Awesome

SemARFlow: Injecting Semantics into Unsupervised Optical Flow Estimation for Autonomous Driving (ICCV-2023)

This repository contains the PyTorch implementation of our paper titled SemARFlow: Injecting Semantics into Unsupervised Optical Flow Estimation for Autonomous Driving, to be presented on ICCV-2023. A detailed diagram of our network structure can be found in the appendix.

demo image

Poster | Video (YouTube) | Video (Bilibili)

Citation

@InProceedings{yuan2023semarflow,
    author    = {Yuan, Shuai and Yu, Shuzhi and Kim, Hannah and Tomasi, Carlo},
    title     = {SemARFlow: Injecting Semantics into Unsupervised Optical Flow Estimation for Autonomous Driving},
    booktitle = {Proceedings of the IEEE/CVF International Conference on Computer Vision (ICCV)},
    month     = {October},
    year      = {2023},
    pages     = {9566-9577}
}

Requirements

Environment

This code has been tested under Python 3.6.9, PyTorch 1.1.0, Torchvision 0.3.0, and CUDA 10.0 on Ubuntu 18.04. The environment can be built by the following:

# Install python packages
pip3 install -r requirements.txt

# Compile the coorelation package
cd ./models/correlation_package
python3 setup.py install

If you cannot compile the correlation package, please check whether you have stated the correct gcc and CUDA version in models/correlation_package/setup.py. From our experience, this correlation package only works for CUDA 9.0-10.0 with Torch 1.1.0 and Torchvision 0.3.0. Any higher versions may not be compatible. There is also an alternative implementation (See models/pwclite.py, Line 7; uncomment to switch implementations).

Datasets

KITTI: The following sets are required.
- KITTI-raw: Follow the instructions on KITTI raw data page to download.
- KITTI-2015 Go to KITTI flow 2015 page. Download "stereo 2015/flow 2015/scene flow 2015 data set (2 GB)" and "multi-view extension (20 frames per scene) (14 GB)". Extract zip files under the same folder.
- KITTI-2012 Go to KITTI flow 2012 page. Download "stereo/optical flow data set (2 GB)" and "multi-view extension (20 frames per scene, all cameras) (17 GB)". Extract zip files under the same folder.
Cityscapes: Go to Cityscapes official website. Download "leftImg8bit_sequence_trainvaltest.zip (324GB)".

Semantic inputs

We use an off-the-shelf network by Yi Zhu et al. to infer semantic segmentation inputs for our experiments. Their official code is here. Please follow their instructions to infer semantic maps. For all KITTI images, we use their "pretrained_models/kitti_best.pth[1071MB, WideResNet38 backbone]" model; for Cityscapes images, we use their "pretrained_models/cityscapes_best.pth[1071MB, WideResNet38 backbone]" model. The output semantic maps should have the same directory structure and file names as in KITTI or Cityscapes.

Pre-trained models

We include our trained models (the same as those shown in Table 1 in the paper) under pretrained_models listed below. Each experiment has a folder that contains both a model weight file (model_ckpt.pth.tar) and model configuration files (config.json and kitti_base.json). See the How to test or do inference section below for instructions.

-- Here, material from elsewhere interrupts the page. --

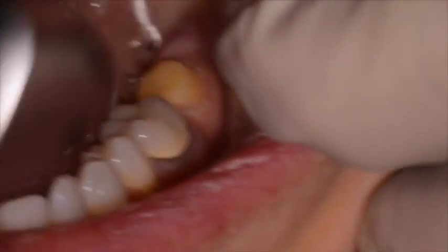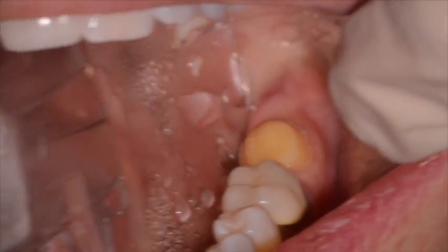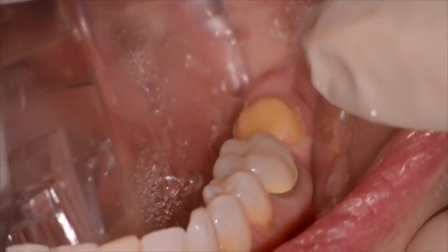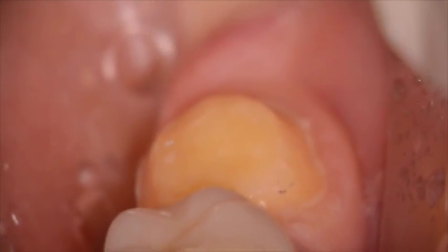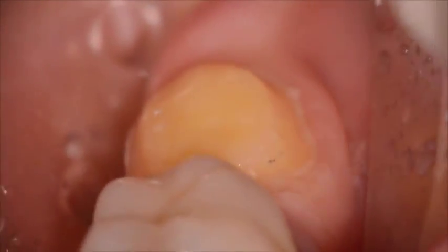You can see here in one easy step we're able to get off the fractured portion, be able to send it back to the lab so they can reuse it for a shade selection, and then fabricate the new crown. You can see here the entire surface of the fractured portion, and flipped over, the outer porcelain surface.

pretrained_models/ours_baseline [10MB]: Our adapted ARFlow with added learned upsampler and no smoothness loss
pretrained_models/ours_baseline+enc [10MB]: Our adapted ARFlow with added learned upsampler, no smoothness loss, and semantic encoder
pretrained_models/ours_baseline+enc+aug [10MB, our final model]: Our adapted ARFlow with added learned upsampler, no smoothness loss, semantic encoder, and semantic augmentation

How to train

Commands for training are included in train.sh. To train, simply run

python3 train.py -c configs/YOUR_CONFIG.json --n_gpu=N_GPU --exp_folder EXP_FOLDER --name=EXP_NAME [--model=MODEL_PATH] [--DEBUG]

Arguments:

-c configs/YOUR_CONFIG.json: the configuration file you want to use. We have kept all our configuration files under the configs folder. We use two-level configuration. Files such as configs/kitti_base.json define the most basic configurations that are shared by all other experiments. Apart from that, files like configs/kitti_baseline+enc+aug.json define the specific configuration of each experiment, where they refer to the shared json file to include basic configurations.

--n_gpu=N_GPU: the number of GPUs (overwritting the configuration).

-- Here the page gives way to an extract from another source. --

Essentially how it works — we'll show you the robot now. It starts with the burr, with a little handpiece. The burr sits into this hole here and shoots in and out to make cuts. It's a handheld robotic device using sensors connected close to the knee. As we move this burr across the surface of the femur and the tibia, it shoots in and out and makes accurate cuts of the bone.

--exp_folder=EXP_FOLDER: the parent folder to save results.

--name=EXP_NAME: name of this experiment, used to create result folder.

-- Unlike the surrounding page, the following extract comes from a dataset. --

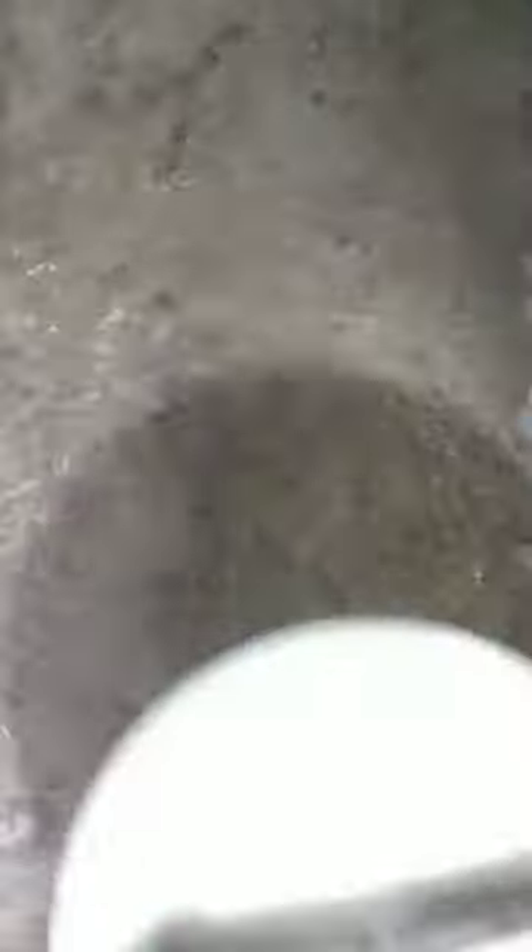Tara! Samahan niyo ako! First, let's wash our hands to avoid the spread of microorganisms while preparing our food.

--model=MODEL_PATH: the path of the pre-trained model. Leave blank to train from scratch.

--DEBUG: run the experiment in DEBUG model (fewer iterations, adding DEBUG prefix to folder names, etc.)

Before training, please specify your data folder paths in the configuration files. Specifically, update your data folder paths in configs/kitti_base.json, Line 19-24 and configs/cityscapes_base.json, Line 18-23. All results of this experiment will be saved automatically under results/EXP_FOLDER/yyyymmdd_hhmmss_EXP_NAME/, where yyyymmdd_hhmmss is the time stamp when you start the experiment. You may change this setting at train.py, Line 116-119. A log file yyyymmdd_hhmmss.log and a tensorboard file events.out.tfevents.* will be saved under this folder. The configuration files used will also be automatically copied to this experiment folder.

If your experiment is interrupted and stops running, we do save model checkpoint (as well as the states of the optimizer and the learning rate scheduler) every 1k iterations at model_ckpt.pth.tar under the experiment folder. To resume training, run

python3 train.py --resume results/EXP_FOLDER/yyyymmdd_hhmmss_EXP_NAME --n_gpu=N_GPU

It will start from where it was, and save everything in the same folder as before, just as if it never stopped!

To reproduce Table 1 in the paper (Benchmark test)

Ours (baseline):

python3 train.py -c configs/kitti_baseline.json --n_gpu=2 --exp_folder iccv2023 --name ours_baseline

Ours (+enc):

python3 train.py -c configs/kitti_baseline+enc.json --n_gpu=2 --exp_folder iccv2023 --name ours_enc

Ours (+enc +aug):

python3 train.py -c configs/kitti_baseline+enc+aug.json --n_gpu=2 --exp_folder iccv2023 --name ours_final

To reproduce Table 2 in the paper (Benchmark test)

Ours (final): same as the Ours (+enc +aug) above

python3 train.py -c configs/kitti_baseline+enc+aug.json --n_gpu=2 --exp_folder iccv2023 --name ours_final

To reproduce Table 3 in the paper (Ablation study)

Each line of code below represents one row in the table, respectively.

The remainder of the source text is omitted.